Records to use >>
-=-=-

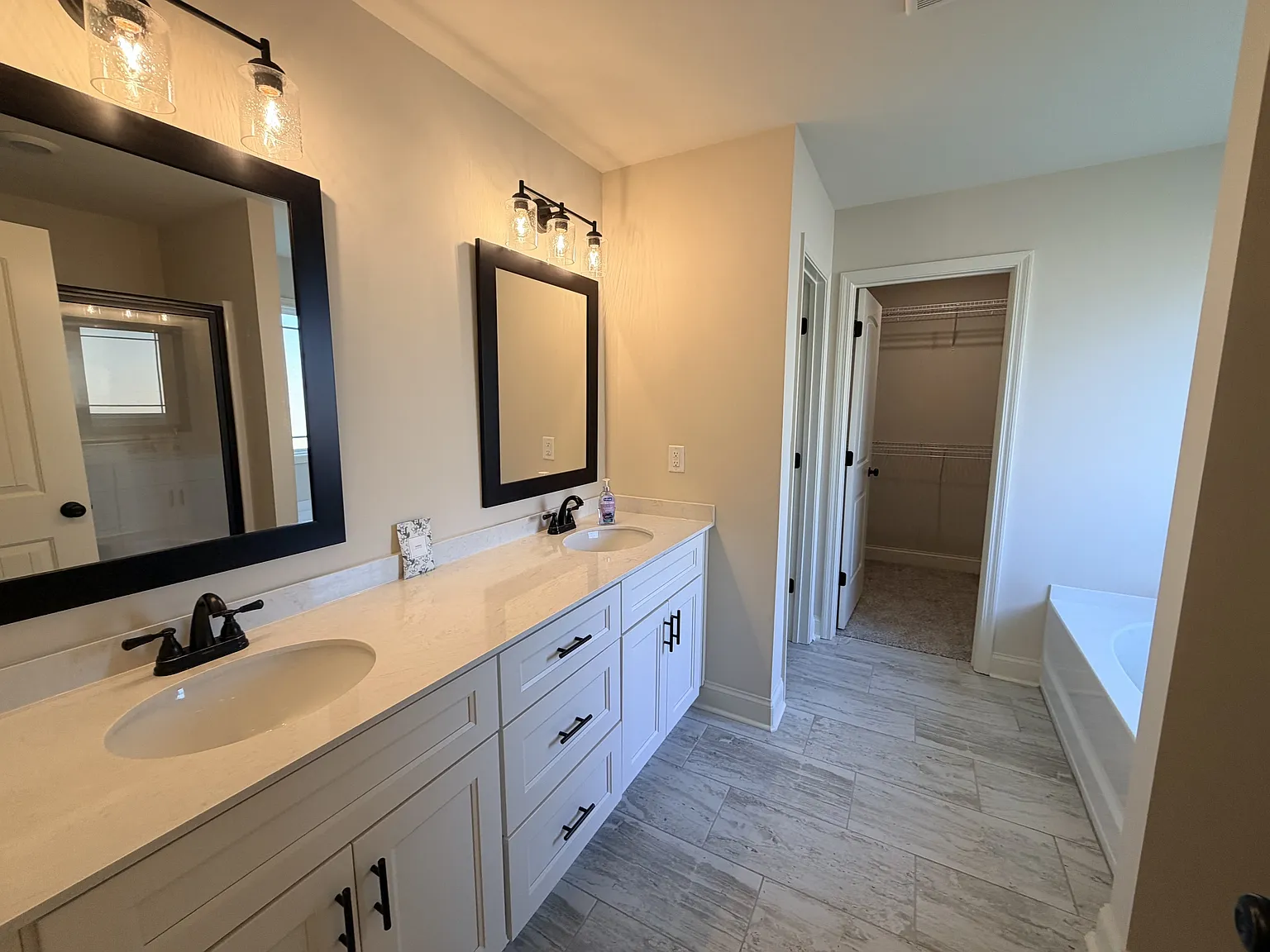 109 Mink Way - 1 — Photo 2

-=-=-

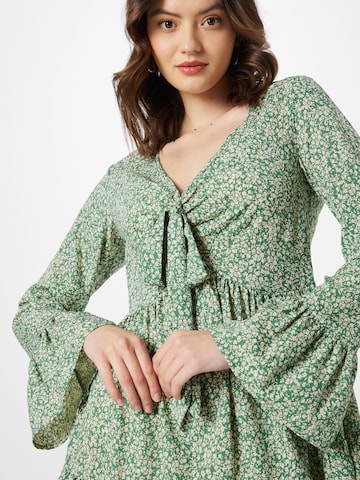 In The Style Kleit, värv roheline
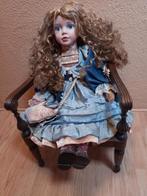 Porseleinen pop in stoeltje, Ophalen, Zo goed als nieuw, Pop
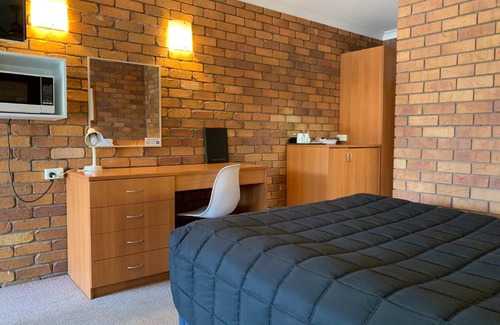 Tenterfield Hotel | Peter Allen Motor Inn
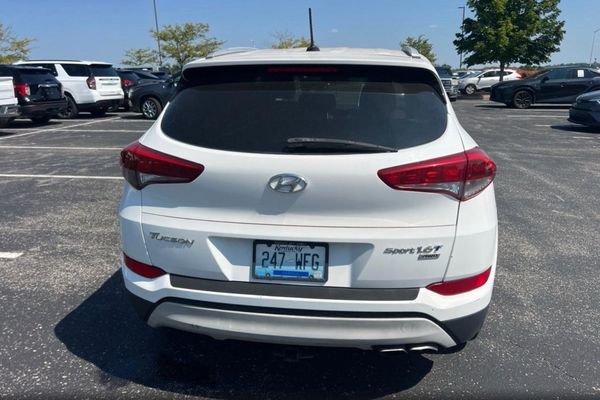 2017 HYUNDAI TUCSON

-=-=-

Leaving out all pictures, set down exactly the lines of the material above, from the line with "Porseleinen pop in" to the line with "2017 HYUNDAI TUCSON" inclusive, and no others.

Result below >>
 Porseleinen pop in stoeltje, Ophalen, Zo goed als nieuw, Pop
 Tenterfield Hotel | Peter Allen Motor Inn
 2017 HYUNDAI TUCSON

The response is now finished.